Hugging Face is the vibrant AI community building the future of machine learning. As a central collaboration platform, Hugging Face enables engineers, scientists, and developers worldwide to share, explore, and experiment with open-source machine learning models, datasets, and applications.

The platform hosts over 2 million machine learning models and 500,000 datasets spanning text, image, video, audio, and even 3D modalities.

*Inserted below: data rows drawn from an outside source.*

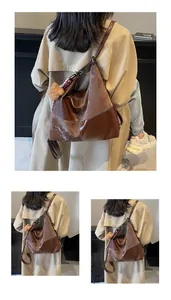 Close-up of brown vintage hobo tote bag with contrast stitching and plush bear charm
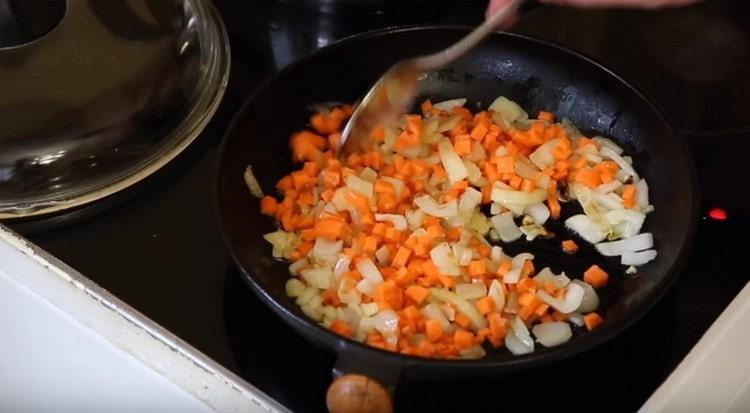 Add carrots to the onion.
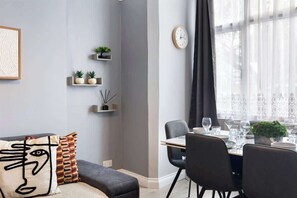 En moderne stue med en sofa, et spiseområde med et bord dækket til fire personer, og et vægur.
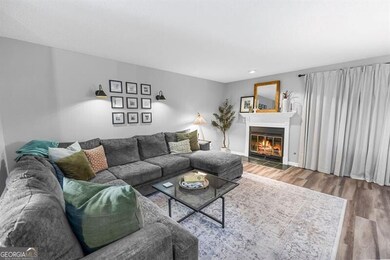 Living area featuring wood finished floors and a glass covered fireplace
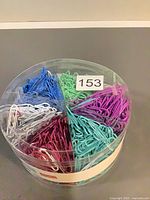 Top view of sealed tub showing six color sections of paper clips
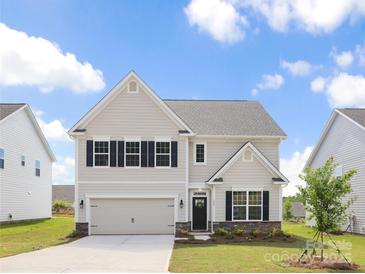 Charming two-story home features a modern design, manicured lawn, attached garage, and welcoming entrance at 122 Asmodean Ln, Troutman, NC 28166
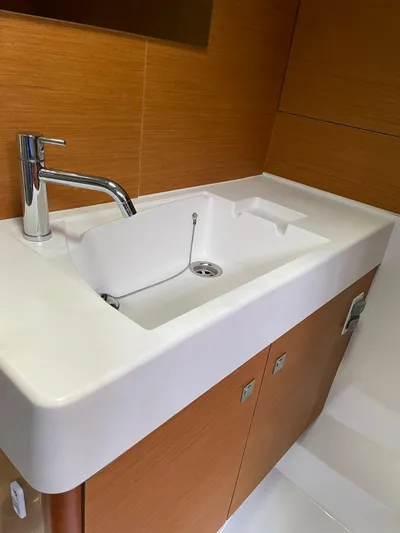 Hygge Yacht Photos Pics Modern sink in 2017 Jeanneau Sun Odyssey 479 yacht bathroom.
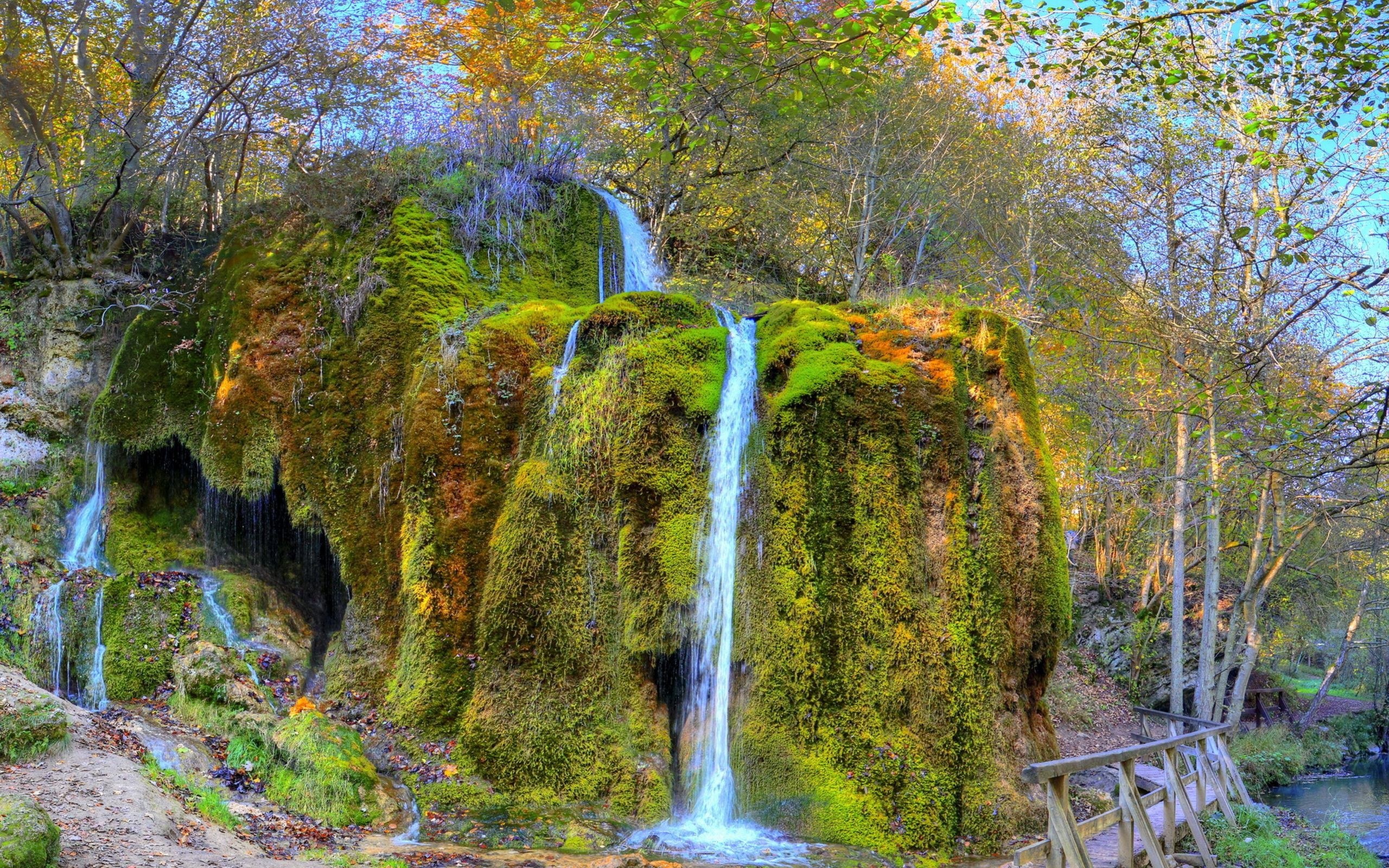 Mossy waterfall in autumn forest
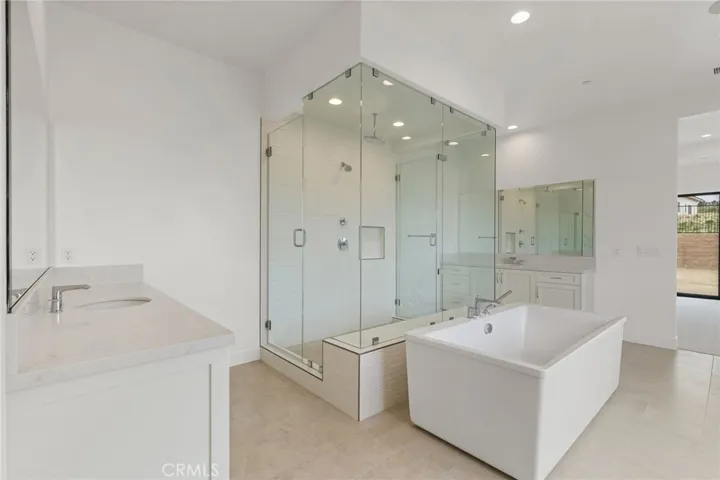 Primary Bathroom: Saddleback Italianate - Ridge Collection at Bella Vista - Photo of another Saddleback -  Not actual home for sale - Home is still under construction - Estimated delivery of September 2026
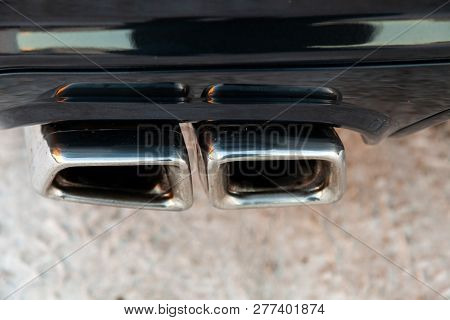 New Shiny Chrome Pipes Close-up After Tuning And Installation On The Back Of A Black Car In The Tail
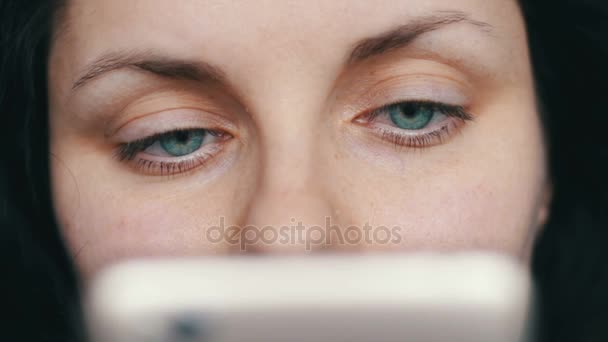 Hermosa chica de ojos verdes se ve en un teléfono inteligente blanco vista de cerca — Vídeos de Stock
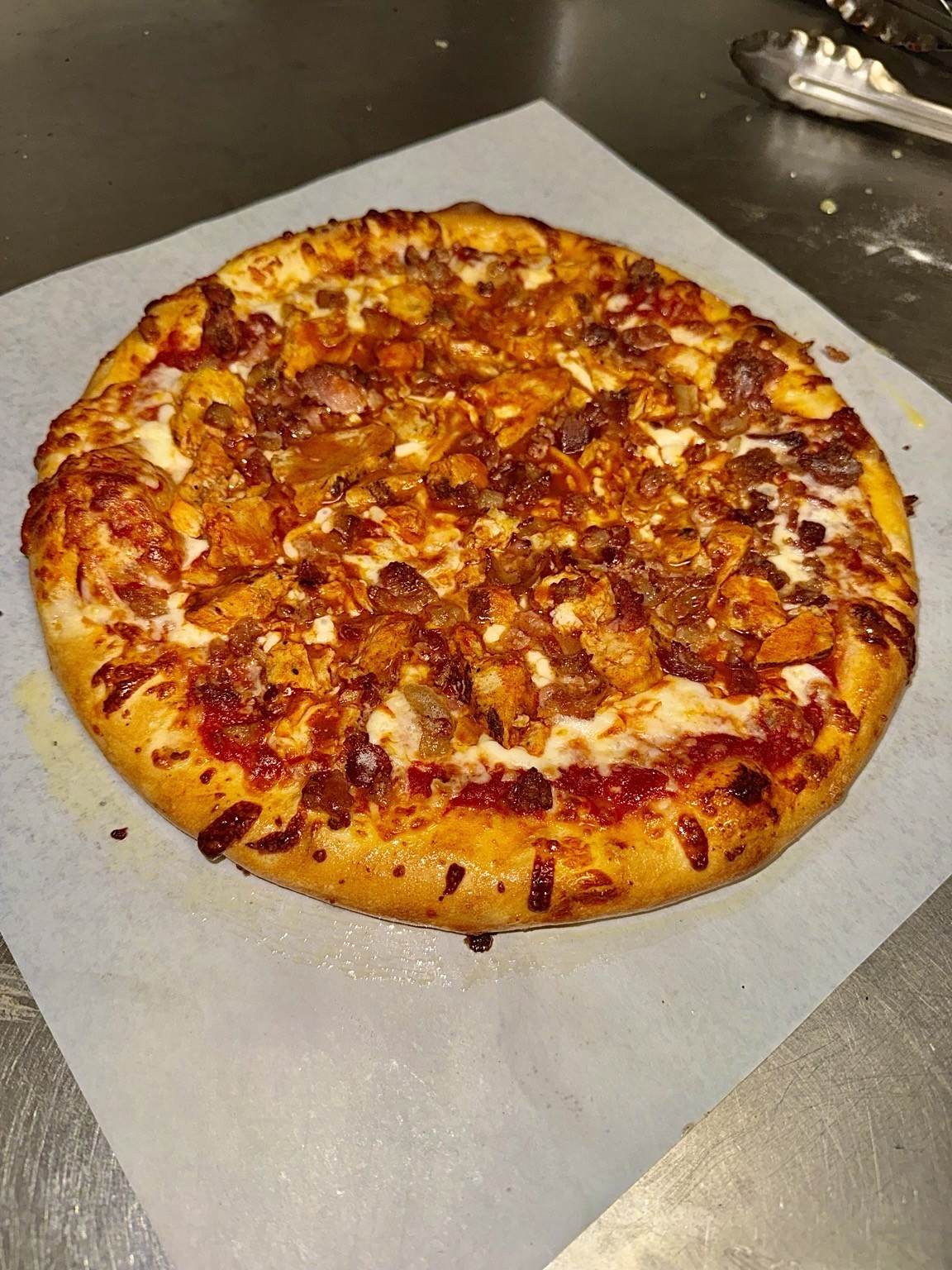 Loaded buffalo chicken specialty pizza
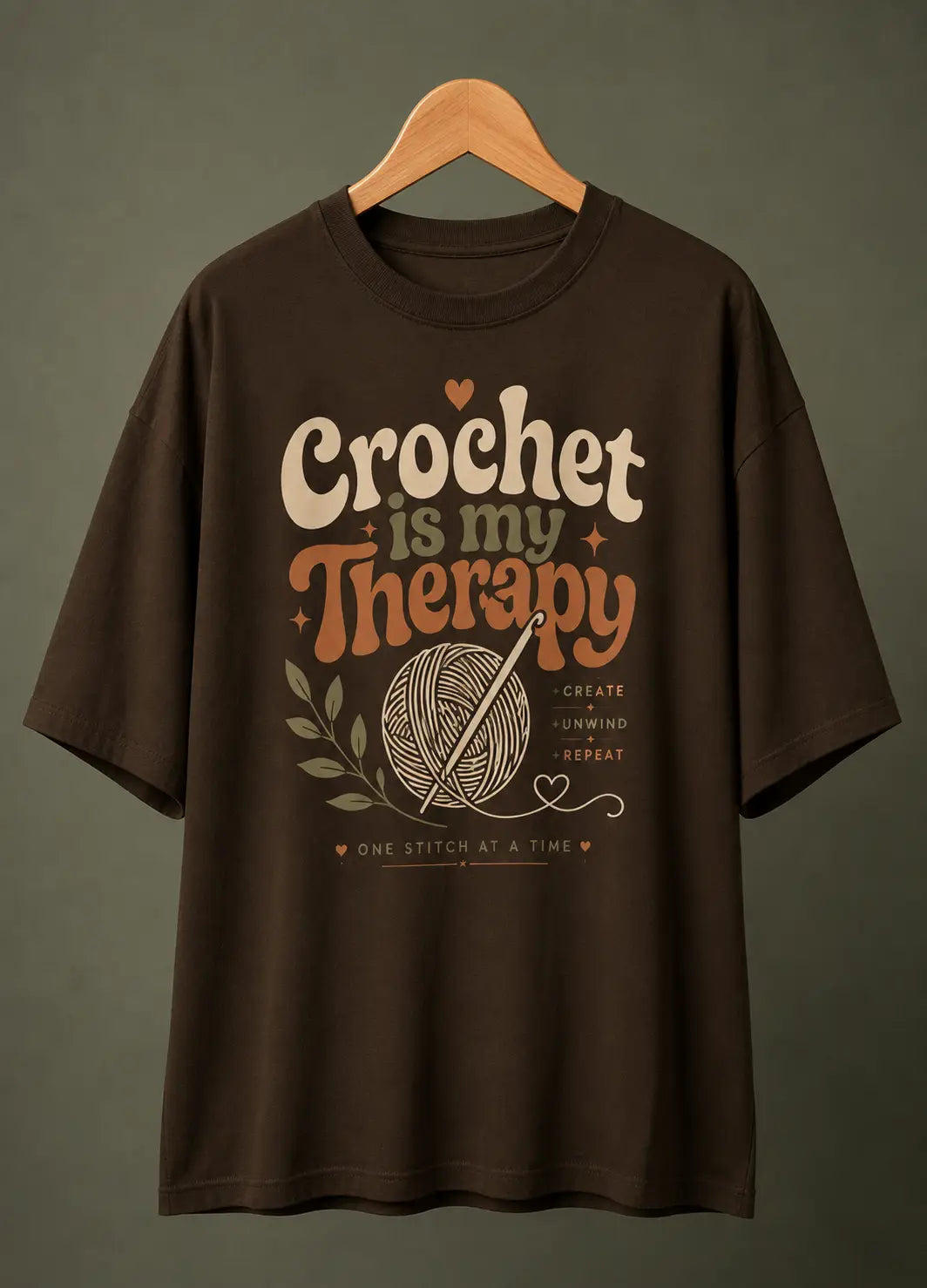 A dark brown short-sleeve t-shirt hanging on a wooden hanger against a dark gray background. The shirt features a retro-style graphic print that reads 'Crochet is my Therapy' in cream and orange lettering, accompanied by a yarn ball and crochet hook illustration.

Users can create, discover, and collaborate on projects to accelerate the development and deployment of AI technologies.

With a fast-growing global community and some of the most widely used open-source ML libraries, Hugging Face empowers a new generation to build an open and ethical AI future together.

---

## What We Offer

### The Hugging Face Hub
- A central place to **host, share, and collaborate** on unlimited public machine learning models, datasets, and applications.
- Tools and libraries built on an open-source stack to help developers **move faster** and innovate.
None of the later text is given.